Jim Harrison keeps churning out quality writing
Jim Harrison is an American phenomenon. Not only has he written more than 30 books of poetry, fiction, and nonfiction — the last category includes a fine cookbook, The Raw and the Cooked: Adventures of a Roving Gourmand, and a memoir, Off to the Side, which is a worthwhile account of his triumphs and failures in life — but he has, during all these years of writing, maintained a standard of excellence rare among his contemporaries. His books are indelibly marked by his style, which we will examine briefly below, and by certain themes: outsiders, love between men and women, failure, and America’s changing landscape and values.
Legends of the Fall, a collection of three novellas, is perhaps Harrison’s most notable book. The title story became a hit movie, and a second one of the novellas was also filmed.
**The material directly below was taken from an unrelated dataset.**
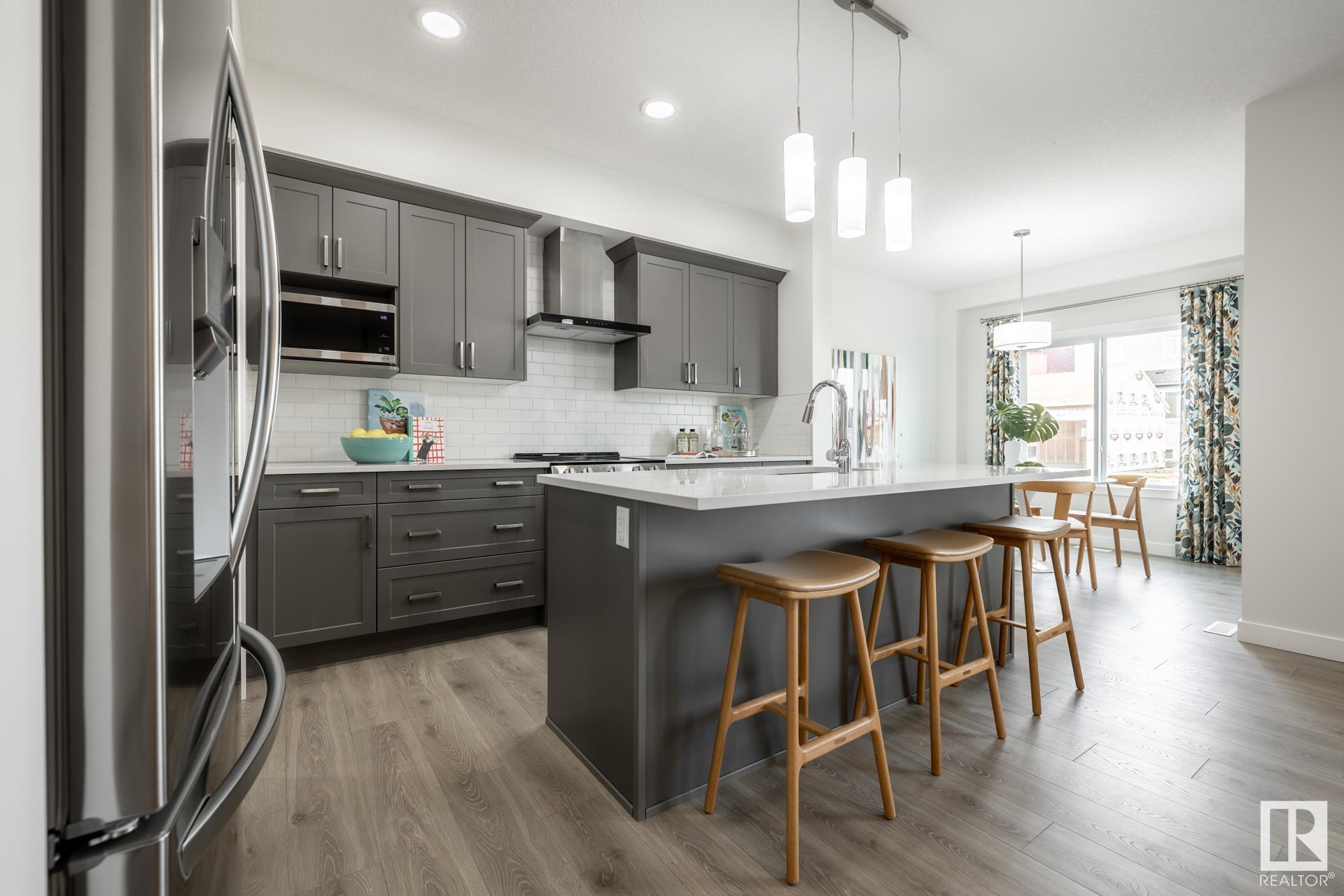     303 28 ST SW , Edmonton,  ,T6X 3E8 ;  Listing Number: MLS E4418378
Now, in his latest work, The River Swimmer (ISBN 978-0-8021-2073-1, 198 pages, $25), Harrison returns to this genre by giving us two novellas: “The Land of Unlikeness” and “The River Swimmer.”
The first tells the story of a 60-year-old art historian and teacher, Clive, who has returned to Michigan ostensibly to care for his ailing mother. Divorced, on the outs with his daughter, unhappy with his career and with life in general, Clive slowly discovers that returning to his boyhood home, immersing himself in the farm country in which he grew up, and encountering the old love of his high school years draw him back to his youth and his love of painting. This is the sweet, though not sentimental, story of a man who has the chance to regain a part of himself which he had thought forever lost. It also offers Harrison and the rest of us the opportunity to ponder the meaning of art and the artist in a commercial world.
The River Swimmer is also set in Michigan. Here we meet Thad, a young man who has become obsessed with swimming, particularly in rivers. Though the swimming seems an escape from the world — he takes to the water whenever trouble takes to him — in truth we see that Thad feels most alive when swimming. He has read a small library of books on the world’s rivers and hopes to write his own books on his love of water. Embroiled in a fight with his ex-girlfriend’s father, hounded by others to live a “normal life,” befriended by some strange “water babies” which he meets in a river, Thad, like Clive, is confused about his destiny and what he is do with his life. A horrible accident near the end of the story almost kills him, but also brings him into the current of his destiny.
In both novellas, as in several of his other works, particularly Legends of the Fall, Harrison explores the tension between the past and the present, between desire and duty, between the social life and solitude. Both Clive and Thad are caught up by their past, Clive by his visit home and the memories it evokes, Thad by the demands of the farm on which he has grown up. Both men, too, find themselves torn between their personal ambitions and the duties they owe to others. Clive gave up his art in part because of this conflict, and in the novella we see him finding his way back to painting. Thad’s dilemma is more immediate; the father of his new girlfriend is putting pressure on Thad to work for him, and his own family considers him a hopeless romantic in his love of the water.
In Thad and Clive, Harrison also considers, as he has done in other work and as, I suspect, he does in his personal life, the solitary life versus a more extraverted social and public life. In the end, both Clive and Thad choose to follow their “loves,” but they also recognize that some part of themselves and their past brings certain responsibilities for others.
One fetching aspect of Harrison’s writing, found in every thing I’ve ever read by him, is his ability to cram all sorts of observations into a single paragraph without losing the coherence of the character making those observations. This talent is best illustrated by example. Here, for instance, is Clive on a camping trip with his daughter when he finally declares himself a painter again:
“What would become of him? But then the task of thinking about himself was tiring like trying to comprehend the chaos theory in Science Times. Behind Sabrina there was a shade of green on a moss-colored log he had never seen before. And on that first afternoon in Marquette there had been a splotch of sunlight far out on the dark stormy lake, golden light and furling white wave crests. Time was passing as his daughter read and scrambled eggs. He had had his dream of the world’s idea of success but it was surprisingly easy to give up for his first love.”
Here we have those qualities that make Harrison so valuable as a writer: impressionistic, commanding, filled with passion and thought. And like the best of writers, he creates a mirror of his prose and holds it up before us, letting us look at ourselves, at the choices we make, at the predicament and the beauty of our lives.
The River Swimmer by Jim Harrison. Grove Press, 2013. 240 pages.